The technology was put to the test this past summer when Ballard and a team of scientists traveled to the Black Sea for a research expedition sponsored in part by the National Science Foundation, the Office of Naval Research and the National Oceanic and Atmospheric Administration's Office of Ocean Exploration, and the National Geographic Society.
Ballard explains in the article that two remotely operated vehicles working at or near the bottom of the Black Sea transmitted eight underwater video images and five acoustic signals via fiber optic cable up to the ships command/control center. Six video signals, including two high-definition images and three two-way audio channels, were transmitted off the ship via satellite, were received by an antenna in the US, and placed on Internet2.
The primary Internet2 site for the expedition was the newly created Inner Space Center at the URI Graduate School of Oceanography (GSO). Through the use of a series of plasma screens, the Inner Space Center replicates the science workstation aboard the ship. From the Inner Space Center, researchers can talk with the shipboard scientists and technicians and request images at various resolutions for examination.
"The Inner Space Center at GSO is being built to make it possible for GSO scientists and students to participate in various sea-going expeditions sponsored by the Office of Naval Research and NOAA's Ocean Exploration program from their laboratories at the URI Bay Campus in Narragansett," said Ballard.
During the expedition Internet2 was also used at the Institute for Exploration and Mystic Aquarium to produce live programming for the general public, who were able to ask questions of the team at sea.
"The cost of physically transporting human beings in small numbers to remote regions of the world and then taking them to the bottom of the ocean in even smaller numbers for short periods of time to explore short stretches of the seafloor is clearly not an efficient way to explore the vast regions of our planet," said Ballard.

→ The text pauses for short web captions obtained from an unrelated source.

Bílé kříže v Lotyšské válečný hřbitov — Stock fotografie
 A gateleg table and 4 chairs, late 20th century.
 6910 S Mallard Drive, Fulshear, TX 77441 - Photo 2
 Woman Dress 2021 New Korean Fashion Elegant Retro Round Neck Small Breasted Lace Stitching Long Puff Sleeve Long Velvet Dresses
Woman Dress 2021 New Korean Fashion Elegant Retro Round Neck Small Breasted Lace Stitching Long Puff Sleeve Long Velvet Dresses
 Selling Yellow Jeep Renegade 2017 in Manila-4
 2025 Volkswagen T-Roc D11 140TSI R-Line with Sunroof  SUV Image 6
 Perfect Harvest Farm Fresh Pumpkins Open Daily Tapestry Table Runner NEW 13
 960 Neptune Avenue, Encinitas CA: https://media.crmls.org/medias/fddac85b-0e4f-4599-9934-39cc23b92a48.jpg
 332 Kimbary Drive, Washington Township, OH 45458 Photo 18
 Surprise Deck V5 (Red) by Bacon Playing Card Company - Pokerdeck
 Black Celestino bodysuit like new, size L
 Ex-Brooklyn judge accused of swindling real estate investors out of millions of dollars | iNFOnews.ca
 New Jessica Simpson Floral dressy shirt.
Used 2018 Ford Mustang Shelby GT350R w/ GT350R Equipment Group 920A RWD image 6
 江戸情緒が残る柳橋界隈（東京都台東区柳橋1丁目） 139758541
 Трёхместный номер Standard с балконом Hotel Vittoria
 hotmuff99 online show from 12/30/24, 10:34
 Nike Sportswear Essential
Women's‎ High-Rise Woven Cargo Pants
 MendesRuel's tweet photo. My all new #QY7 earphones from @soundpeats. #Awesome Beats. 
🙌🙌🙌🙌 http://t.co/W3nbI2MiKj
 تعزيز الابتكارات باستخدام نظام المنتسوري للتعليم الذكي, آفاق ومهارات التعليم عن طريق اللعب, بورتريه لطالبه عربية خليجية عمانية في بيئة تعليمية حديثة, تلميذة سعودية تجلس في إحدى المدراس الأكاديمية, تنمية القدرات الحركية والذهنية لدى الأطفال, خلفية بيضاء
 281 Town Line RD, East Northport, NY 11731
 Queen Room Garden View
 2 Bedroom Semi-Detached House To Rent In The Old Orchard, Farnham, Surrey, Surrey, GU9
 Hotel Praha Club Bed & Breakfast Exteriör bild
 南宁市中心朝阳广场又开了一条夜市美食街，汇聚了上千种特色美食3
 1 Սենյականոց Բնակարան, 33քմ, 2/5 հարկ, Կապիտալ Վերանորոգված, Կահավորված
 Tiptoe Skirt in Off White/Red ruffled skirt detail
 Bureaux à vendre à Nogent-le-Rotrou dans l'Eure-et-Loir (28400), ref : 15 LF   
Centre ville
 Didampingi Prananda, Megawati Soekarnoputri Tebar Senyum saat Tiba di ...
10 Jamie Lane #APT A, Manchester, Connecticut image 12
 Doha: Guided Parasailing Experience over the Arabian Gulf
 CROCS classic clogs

The URI Graduate School of Oceanography is one of the country's largest marine science education programs, and one of the world's foremost marine research institutions. Founded in 1961 in Narragansett, RI, GSO serves a community of scientists who are researching the causes of and solutions to such problems as acid rain, harmful algal blooms, global warming, air and water pollution, oil spills, overfishing, and coastal erosion. GSO is home to the Coastal Institute, the Coastal Resources Center, Rhode Island Sea Grant, the Institute for Archaeological Oceanography, and the National Sea Grant Library.